С тех пор Иса в полной мере овладела искусством обольщения. Но Любимица презирала ее не за это.
Все было серьезнее и началось в то время, когда жизнь Любимицы разбилась вдребезги — в десять лет она лишилась отца. Иса тогда на кладбище крепко ее обняла и сказала: «Я тебе та-а-ак сочувствую. Ты только не забывай, что я люблю тебя. Мы — лучшие подруги на всю жизнь».
«Вся жизнь» закончилась через пару недель.
Едва благосостояние отца уплыло к его настоящей семье, Любимица и ее мама словно вовсе перестали существовать. Никакой частной школы, занятий танцами и вечеринок по поводу дня рождения в «Сноб-Хилл». Любимица резко покинула изысканный круг обладающих всем сказанным и оказалась в мрачном и равнодушном обществе «пофигистов», к которому только и могла принадлежать незаконнорожденная дочь женатого мужчины.
Иса же в восемнадцать лет получила диплом, а в двадцать два вышла замуж за Итана Бэйли, надев на свадьбу, которую почтила своим вниманием вся элита Западного побережья, платье от Каролины Эрера, вышитое вручную. Дальше все шло как по маслу: двое умненьких детей, благотворительная деятельность и законное место на сияющем небосклоне высшего света.
Мама Любимицы говорила ей: «Уезжай отсюда, сердце мое. Начни все заново». Но у нее здесь были свои корни, и более глубокие и старинные, чем корни Исы с ее голубой кровью.
Так и началась жизнь Любимицы после падения: ее работа на чету Бэйли и им подобных, выгуливание их невротических собак, складирование их отвратительных шуб в охлаждаемый шкаф, рассылка приглашений их друзьям-снобам — людям, которые называли ее «Любимица» и начинали обсуждать, когда она могла услышать.
Долгое время она думала, что держит все под контролем.
Но если Оливер Маккензи ее чему-то и научил, так это тому, что ее «контроль» сильно преувеличен.

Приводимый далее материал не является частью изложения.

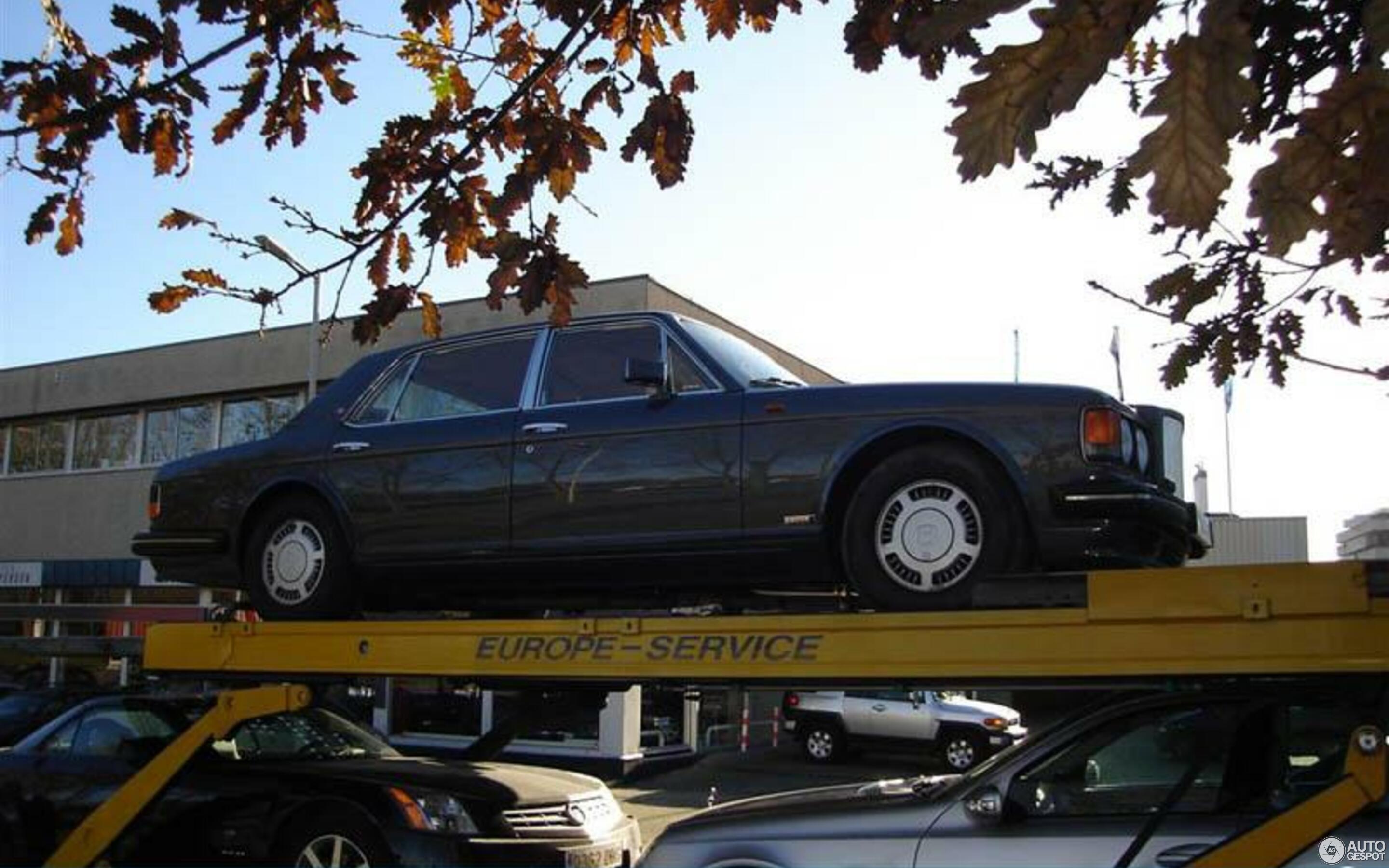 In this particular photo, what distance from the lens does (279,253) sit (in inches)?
138

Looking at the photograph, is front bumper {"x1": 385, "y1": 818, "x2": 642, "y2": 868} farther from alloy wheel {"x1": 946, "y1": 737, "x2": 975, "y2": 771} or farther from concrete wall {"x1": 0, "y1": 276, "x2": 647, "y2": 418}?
alloy wheel {"x1": 946, "y1": 737, "x2": 975, "y2": 771}

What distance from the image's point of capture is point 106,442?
23250mm

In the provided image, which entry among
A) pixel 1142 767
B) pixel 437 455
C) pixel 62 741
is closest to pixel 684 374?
pixel 437 455

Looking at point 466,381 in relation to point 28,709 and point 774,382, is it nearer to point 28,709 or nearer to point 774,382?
point 774,382

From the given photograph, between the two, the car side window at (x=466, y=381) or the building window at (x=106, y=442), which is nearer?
the car side window at (x=466, y=381)

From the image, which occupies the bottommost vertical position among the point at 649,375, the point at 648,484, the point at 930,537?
the point at 930,537

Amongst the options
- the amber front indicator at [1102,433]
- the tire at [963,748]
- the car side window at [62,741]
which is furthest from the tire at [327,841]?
the tire at [963,748]

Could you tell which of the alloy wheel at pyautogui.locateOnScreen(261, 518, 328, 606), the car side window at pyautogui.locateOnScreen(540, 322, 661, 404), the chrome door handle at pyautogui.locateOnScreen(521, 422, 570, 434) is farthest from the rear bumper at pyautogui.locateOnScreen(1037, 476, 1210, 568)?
the alloy wheel at pyautogui.locateOnScreen(261, 518, 328, 606)

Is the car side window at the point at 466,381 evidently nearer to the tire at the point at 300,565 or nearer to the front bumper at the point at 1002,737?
the tire at the point at 300,565

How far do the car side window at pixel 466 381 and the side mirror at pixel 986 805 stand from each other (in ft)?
8.64

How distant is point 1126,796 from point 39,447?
82.3 ft

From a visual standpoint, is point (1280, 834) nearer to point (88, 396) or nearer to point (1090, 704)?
point (1090, 704)

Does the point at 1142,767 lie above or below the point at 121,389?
below

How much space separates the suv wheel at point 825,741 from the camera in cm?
1802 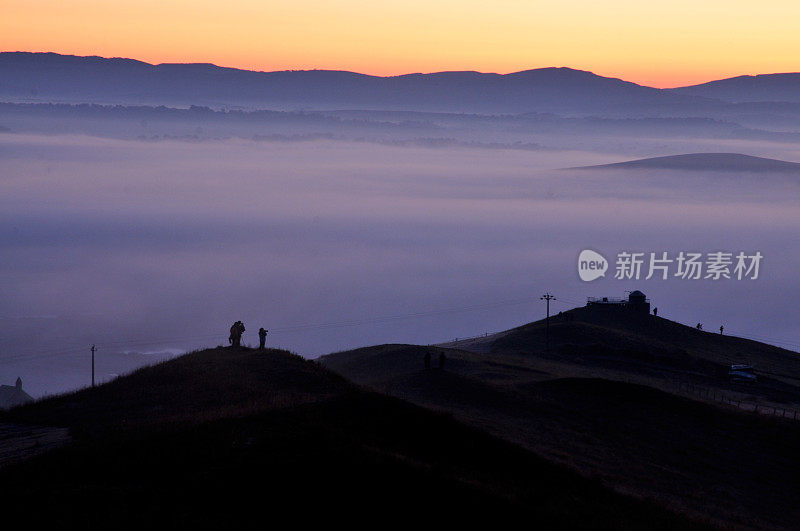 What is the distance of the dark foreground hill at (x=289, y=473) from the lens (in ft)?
60.1

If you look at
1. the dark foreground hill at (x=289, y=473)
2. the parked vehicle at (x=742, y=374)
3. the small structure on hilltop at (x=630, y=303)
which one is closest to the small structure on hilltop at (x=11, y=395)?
the small structure on hilltop at (x=630, y=303)

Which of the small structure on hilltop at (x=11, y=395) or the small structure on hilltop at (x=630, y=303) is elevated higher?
the small structure on hilltop at (x=630, y=303)

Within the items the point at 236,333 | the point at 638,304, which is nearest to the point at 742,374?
the point at 638,304

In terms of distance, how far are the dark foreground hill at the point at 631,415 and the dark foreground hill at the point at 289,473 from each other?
255 inches

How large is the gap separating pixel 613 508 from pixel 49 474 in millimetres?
14576

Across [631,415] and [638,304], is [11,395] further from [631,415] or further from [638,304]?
[631,415]

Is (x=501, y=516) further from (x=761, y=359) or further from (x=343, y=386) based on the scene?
(x=761, y=359)

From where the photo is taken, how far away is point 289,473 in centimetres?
2023

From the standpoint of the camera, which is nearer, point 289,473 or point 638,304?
point 289,473

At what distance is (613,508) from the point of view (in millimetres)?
24422

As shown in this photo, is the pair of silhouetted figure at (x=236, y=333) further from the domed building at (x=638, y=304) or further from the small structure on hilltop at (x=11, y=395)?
the small structure on hilltop at (x=11, y=395)

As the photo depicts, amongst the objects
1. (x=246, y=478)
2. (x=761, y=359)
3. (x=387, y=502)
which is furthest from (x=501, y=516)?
(x=761, y=359)

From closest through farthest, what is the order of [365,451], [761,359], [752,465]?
[365,451] → [752,465] → [761,359]

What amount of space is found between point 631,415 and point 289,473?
31.8m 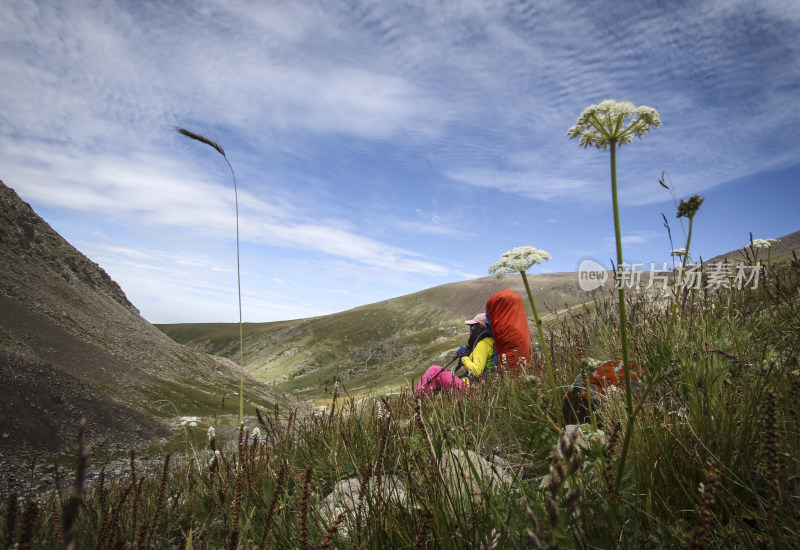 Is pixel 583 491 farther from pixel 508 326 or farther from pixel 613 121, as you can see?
pixel 508 326

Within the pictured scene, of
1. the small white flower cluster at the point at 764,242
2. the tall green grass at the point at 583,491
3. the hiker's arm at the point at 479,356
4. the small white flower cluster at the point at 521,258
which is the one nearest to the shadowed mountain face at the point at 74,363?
the hiker's arm at the point at 479,356

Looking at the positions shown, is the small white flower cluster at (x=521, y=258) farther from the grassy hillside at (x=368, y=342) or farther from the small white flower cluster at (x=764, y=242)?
the grassy hillside at (x=368, y=342)

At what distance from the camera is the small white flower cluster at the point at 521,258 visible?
2738 millimetres

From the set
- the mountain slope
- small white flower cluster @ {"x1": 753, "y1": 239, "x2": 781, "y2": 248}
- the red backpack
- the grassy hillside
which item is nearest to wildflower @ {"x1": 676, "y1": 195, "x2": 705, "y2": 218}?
the red backpack

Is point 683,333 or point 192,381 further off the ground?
point 683,333

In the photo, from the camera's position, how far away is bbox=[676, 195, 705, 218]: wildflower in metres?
2.46

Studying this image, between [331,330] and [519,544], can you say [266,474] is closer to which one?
[519,544]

Любимица оглядела комнату, заполненную стеллажами с невероятным количеством абсолютно новой одежды и горами неоткрытых пакетов и коробок с дорогими вещами, купленными просто так.
Отвратительно. Упадок богатства. Золотой хлам самой высокой пробы.
Вопли из спальни прекратились. Любимица прижала ухо к стене, прислушиваясь к стонам и хрипам Бэйли. Иса выкрикивала: «О да, как хорошо, о!» — эти двое занимались тем, что они называли любовью. Слыша ее голос, Любимица еще больше хотела убить Ису.
Затем наступила тишина.
Любимица сжала ручку своей холщовой сумки.
Время пришло.
Глава 25
Любимица открыла дверь в спальню Бэйли и тут же нагнулась, так как мопсы Вако и Вальдо бросились к ней, фыркая и подпрыгивая. Она погладила их и приказала успокоиться, а потом наблюдала, как они отправились обратно к своим корзинкам под окном, повертелись и наконец улеглись.
Любимица стояла неподвижно и слушала ритмичное дыхание четы Бэйли, доносящееся с их огромной кровати, залитой лунным светом. Шелковые шторы слегка колыхались, своим шелестом заглушая учащенное дыхание Любимицы и шум проезжающих внизу машин.
Она видела, что Иса лежит на животе, нагая, под простыней тончайшей выделки и стеганым одеялом, набитым гусиным пухом; ее длинные темные волосы водопадом рассыпались по плечам. Слева от нее храпел Итан, наполняя комнату алкогольными парами.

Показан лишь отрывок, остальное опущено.